Re: 65C02 Simulator on a bare metal Raspberry PI

Posted: Sun Feb 11, 2018 10:36 pm
by BitWise
Has anyone tried lookup tables? The pi has plenty of RAM.

Re: 65C02 Simulator on a bare metal Raspberry PI

Posted: Mon Feb 12, 2018 8:44 am
by dp11
Lookup tables have been slower in the past possibly due the code not fitting into the cache. My spreadsheet simulation suggests lookup table might now be about 0.5% faster if a few other things hold true.

Re: 65C02 Simulator on a bare metal Raspberry PI

Posted: Wed Feb 14, 2018 3:49 pm
by 8BIT
I've done some experimenting with the left-alignment and effects on the ARM's flags. This method works well with most 6502 instructions. ROR and ROL need some extra help and I have not started testing with ADC or SBC yet. I did note that the ARM V flag gets changed with many of the instructions that the 65C02 does not. For instance, INC and DEC have to use ARM ADD and SUB, which change the V flag. It might be more costly to adjust and save/restore the ARM's flags that to continue simulating the 65C02 Status register.
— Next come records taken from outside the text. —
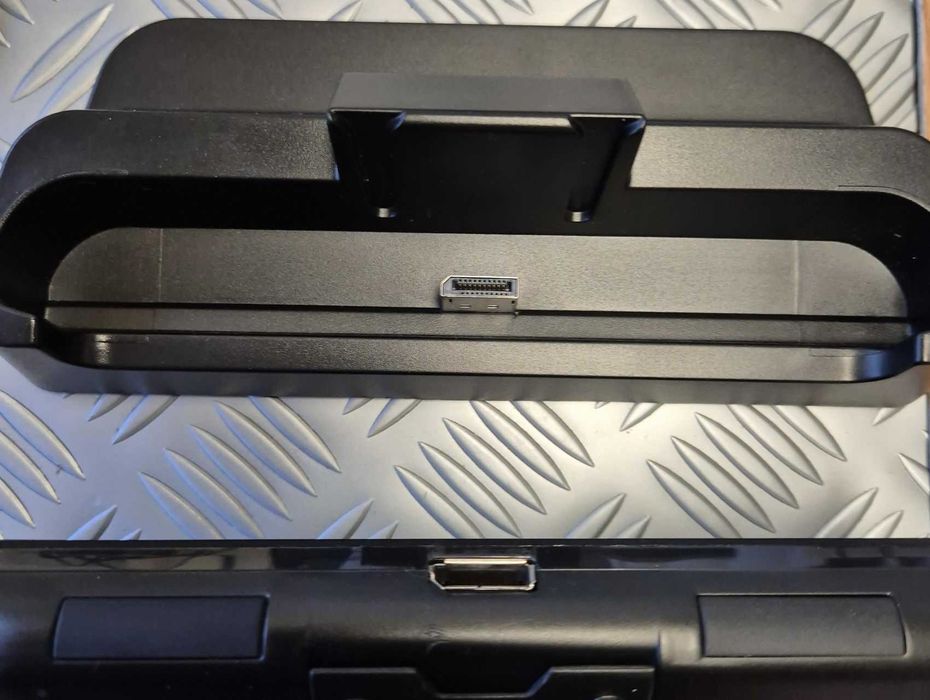 ELRO дисплей 7 инча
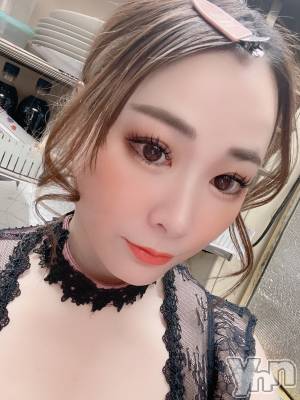 ���ܥ���Х��顦�����club EL Dorado(����֡�����ɥ��) �����Υԡ���ɱ�ޤ�(99)��3��15���̥�֥����֥��㥹�Ȥ����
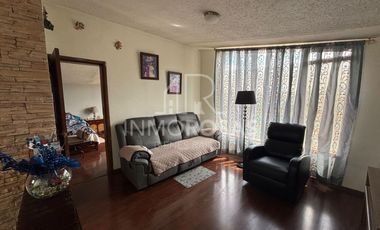 EXCELENTE OPORTUNIDAD $190.000 Casa con terreno de 1.530 m2 Mitad del Mundo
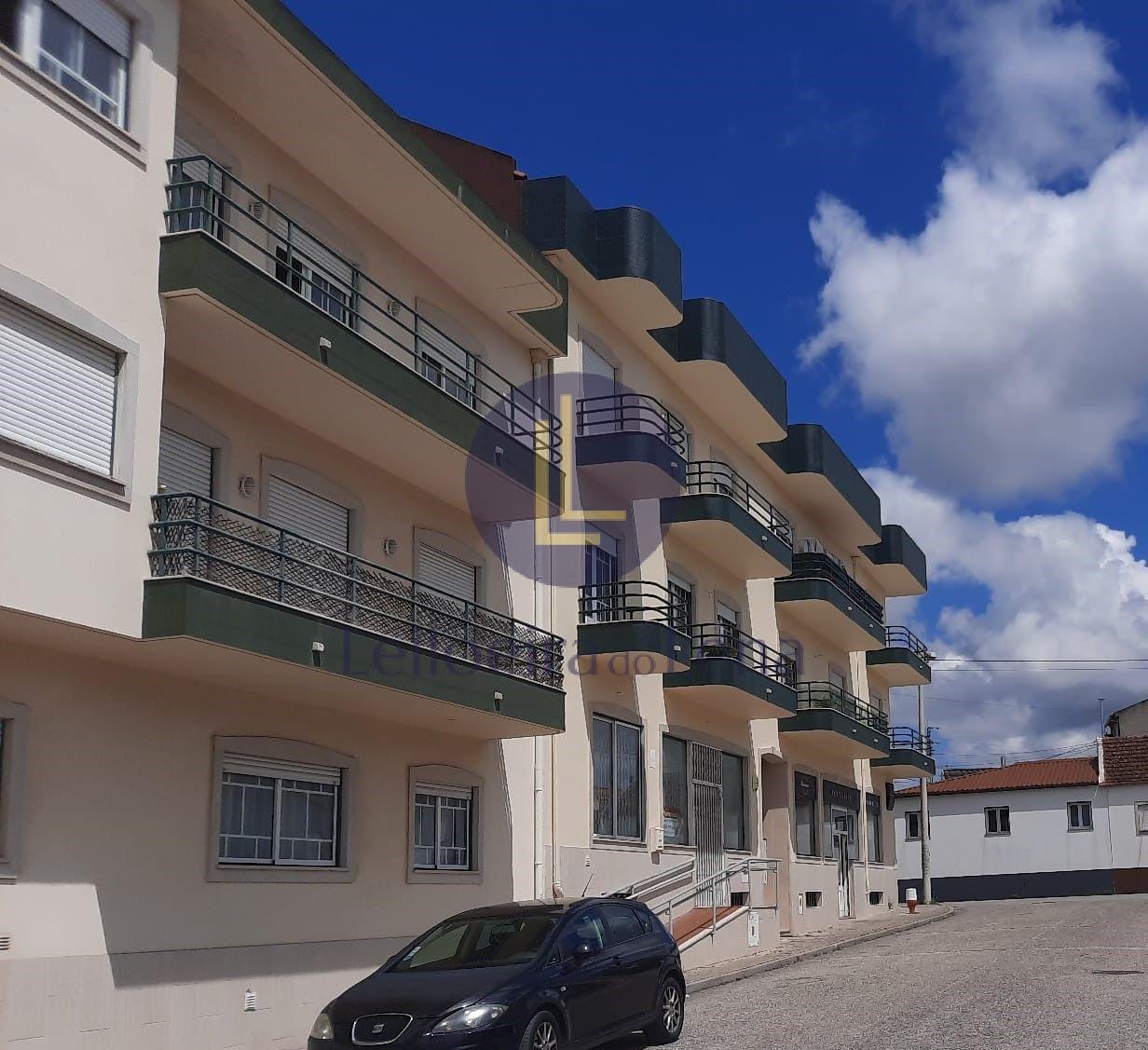 Fra&ccedil;&atilde;o Aut&oacute;noma na G&acirc;ndara dos Olivais - Leiria (Proc 4391/23.7T8LRA)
Using the left aligned method does reduce my code some though, so I plan to implement it in the A, X, and Y registers.

I have also written a script to convert my macro based source to the full assembly for each opcode. This will allow me to streamline each opcode and eliminate some extra register moves the macros created. The Tube project aligns the opcode processing on 16 word boundaries, which makes the fetch and execute control really efficient. But, it gives a maximum of 16 ARM instructions per opcode. About half of mine are more than 16 currently. I could use a 32 word boundary, but the 16 word method allows the full 256 opcodes to reside in the L1 cache, which provides a big speed boost.

I need to focus on the memory decoding of the read and write functions, as testing for IO and write protecting the "ROM" takes too many instructions.

This has been a huge learning experience for me... and I'm sure I 'll keep finding ways to reduce code and increase speed.

Daryl

Re: 65C02 Simulator on a bare metal Raspberry PI

Posted: Thu Feb 22, 2018 5:40 pm
by 8BIT
Here's an update, I've been working on optimizing to ARM assembly code, mostly in the areas of memory reads and writes. I have also worked out the code for keeping the A,X,Y registers left aligned which has really simplified the Status register updates. I'm still keeping the SR simulated vs. using the ARM's own SR for N,V,Z,C. BCD math is still not very optimized, but I may try to tackle that. With all that, I was able to bump the speed up to 25MHz. There are few places that I cut a corner though. A 16 bit read of address $FF will not wrap around to $00. Also, a 16 bit read at the last RAM byte will not get its upper value from the IO page, but rather the hidden RAM behind the IO page. Both are acceptable to me because there's no logical reason to have a program need to do that.

Not being satisfied with the speed, I started digging into the ARM Architecture Reference Manual (ARM ARM) as I really didn't understand the cache and MMU functions that well. I also dug into David Welch's references and tried to set up the MMU and caches. It seems the ARM comes out of power up with the MMU and caches disabled. After 3 or 4 attempts, I finally got both enabled and my simulated speed went up to over 100MHz. Bingo! And, after reading how the caches are organized, found that disabling the data cache increased the speed by about 10-12 more MHz. My speed test now reads around 120Mhz!

I will most likely go back and fix the shortcuts mentioned above and then start reading about the IO available in the PI to play with. Getting video display working is #1.

I'll package up what I have so far also and post it for those who are interested in giving it a try.

Daryl

Re: 65C02 Simulator on a bare metal Raspberry PI

Posted: Thu Feb 22, 2018 7:33 pm
by BigEd
Excellent progress!

Re: 65C02 Simulator on a bare metal Raspberry PI

Posted: Thu Feb 22, 2018 8:23 pm
by hoglet
8BIT wrote:
Bingo! And, after reading how the caches are organized, found that disabling the data cache increased the speed by about 10-12 more MHz.
Interesting... can you say a bit more about why this would be the case?

Re: 65C02 Simulator on a bare metal Raspberry PI

Posted: Thu Feb 22, 2018 8:33 pm
by BigEd
(Maybe because cache lines are much bigger than bytes, and an emulator's access doesn't have great locality compared to the size of a cache line??)